(STUDY MATERIAL)
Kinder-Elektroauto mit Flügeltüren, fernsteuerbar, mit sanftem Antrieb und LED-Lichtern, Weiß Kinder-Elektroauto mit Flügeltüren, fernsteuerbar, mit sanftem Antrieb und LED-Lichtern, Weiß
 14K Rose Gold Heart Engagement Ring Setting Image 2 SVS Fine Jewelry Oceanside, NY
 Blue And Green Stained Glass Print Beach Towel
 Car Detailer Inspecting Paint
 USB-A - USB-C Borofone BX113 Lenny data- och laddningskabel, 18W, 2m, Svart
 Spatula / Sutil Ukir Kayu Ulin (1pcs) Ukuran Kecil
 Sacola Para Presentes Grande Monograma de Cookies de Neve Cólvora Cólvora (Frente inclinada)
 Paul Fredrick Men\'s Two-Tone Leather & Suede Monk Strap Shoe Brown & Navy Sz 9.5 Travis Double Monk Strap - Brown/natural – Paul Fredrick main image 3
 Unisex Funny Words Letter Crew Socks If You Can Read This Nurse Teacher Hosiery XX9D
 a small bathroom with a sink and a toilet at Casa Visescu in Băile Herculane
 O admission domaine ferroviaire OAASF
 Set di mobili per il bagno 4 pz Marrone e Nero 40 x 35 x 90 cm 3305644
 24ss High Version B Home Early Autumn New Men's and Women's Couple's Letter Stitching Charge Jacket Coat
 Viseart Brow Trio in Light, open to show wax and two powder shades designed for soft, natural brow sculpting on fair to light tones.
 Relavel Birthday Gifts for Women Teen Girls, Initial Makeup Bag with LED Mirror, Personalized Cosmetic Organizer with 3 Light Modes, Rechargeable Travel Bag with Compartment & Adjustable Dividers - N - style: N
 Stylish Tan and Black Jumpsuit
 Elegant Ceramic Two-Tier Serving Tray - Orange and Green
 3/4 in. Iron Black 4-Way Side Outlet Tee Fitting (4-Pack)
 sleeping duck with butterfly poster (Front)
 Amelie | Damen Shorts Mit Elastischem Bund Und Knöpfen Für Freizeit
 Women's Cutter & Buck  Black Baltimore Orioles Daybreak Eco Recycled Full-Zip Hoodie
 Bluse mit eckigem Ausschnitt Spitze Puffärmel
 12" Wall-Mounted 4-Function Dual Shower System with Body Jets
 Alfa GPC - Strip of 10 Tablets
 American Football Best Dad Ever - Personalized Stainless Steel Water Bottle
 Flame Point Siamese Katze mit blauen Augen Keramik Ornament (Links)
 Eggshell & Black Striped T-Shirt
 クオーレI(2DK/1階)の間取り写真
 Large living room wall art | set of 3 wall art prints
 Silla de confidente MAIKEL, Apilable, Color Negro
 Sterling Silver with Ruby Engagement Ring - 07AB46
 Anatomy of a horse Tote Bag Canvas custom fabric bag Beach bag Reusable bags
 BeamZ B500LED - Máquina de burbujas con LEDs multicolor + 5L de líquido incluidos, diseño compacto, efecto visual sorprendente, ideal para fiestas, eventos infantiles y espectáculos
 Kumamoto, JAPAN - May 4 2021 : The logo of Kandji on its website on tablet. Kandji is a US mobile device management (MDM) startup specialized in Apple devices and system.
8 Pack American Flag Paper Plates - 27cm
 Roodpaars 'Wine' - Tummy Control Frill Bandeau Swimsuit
(End STUDY MATERIAL)
WHAT YOU HAVE TO DO
Your reply is to repeat, unchanged, the lines above running from the one with "sleeping duck with butterfly poster (Front)" up to and including the one with "with Body Jets".

ANSWER SECTION
 sleeping duck with butterfly poster (Front)
 Amelie | Damen Shorts Mit Elastischem Bund Und Knöpfen Für Freizeit
 Women's Cutter & Buck  Black Baltimore Orioles Daybreak Eco Recycled Full-Zip Hoodie
 Bluse mit eckigem Ausschnitt Spitze Puffärmel
 12" Wall-Mounted 4-Function Dual Shower System with Body Jets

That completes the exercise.